ツアーの添乗員同士を相部屋にするのである。一人か二人の添乗員と一緒になるならまだわかるが、
ひどい時などは10人前後になることも。こうなると修学旅行状態である。
一日中お客様の相手をして疲れているときなどは、せめて自分の部屋ではゆっくりしたいのに、
布団に入るまで気を遣うことになる。


繁忙期に入った北陸の温泉地へ仕事で行った際、覚悟はしていたがチェックイン時にフロントへ聞いてみた。
私「今日は相部屋ですか?」
フロント「はい、申し訳ありません。本日は満室ですので。ですが相部屋の方は同じ会社の方ですよ」
と分けのわからない言い訳をされてしまった。
全国に支店があるので同じ会社だからと言って、顔見知りと一緒になる可能性なんてゼロにに近い。


そんなときに相部屋になったFさん。
とっても美人で女性らしい方。お互いに次の日も早い出発だったが話に花が咲き、色んな話をした。

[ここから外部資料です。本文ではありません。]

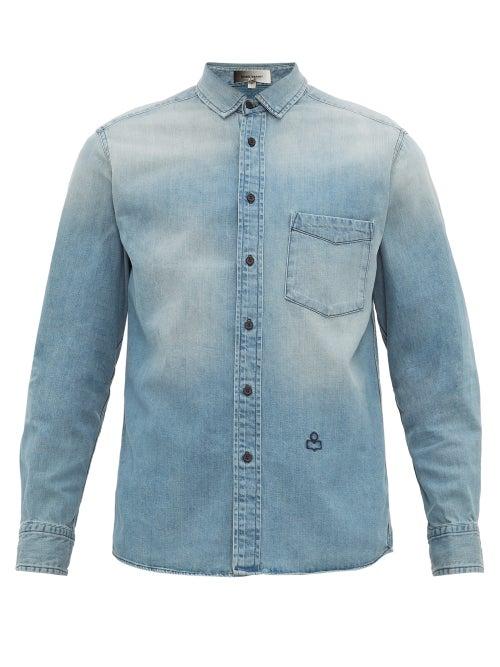 Matchesfashion.com Isabel Marant - Lako Denim Shirt - Mens - Blue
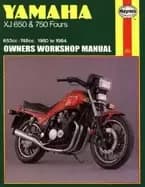 Image of yamaha xj 650 and xj 750 fours owners workshop manual no m738 80 84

Fさんはこのツアーに何度かアサインされ、ホテルの人に顔を覚えられるほどだったみたい。
何回目かにこのツアーに参加し、食事を終えて宴会場を出ると
Fさんの靴を手のひらに載せたフロントマンが立っていたらしい。そして一言「一緒に飲みませんか?」と。
Fさんは恐怖と気持ち悪さで靴を掴み取り、走って部屋へ戻ったらしい。
その5分後、部屋をノックする音がしばらく聞こえてたとのこと。
相手はホテルの人なので、合鍵で入って来るのではないかと恐ろしくて寝れなかったと。


誰かがわかっているだけに恐ろしさ倍増だったツアーに違いない。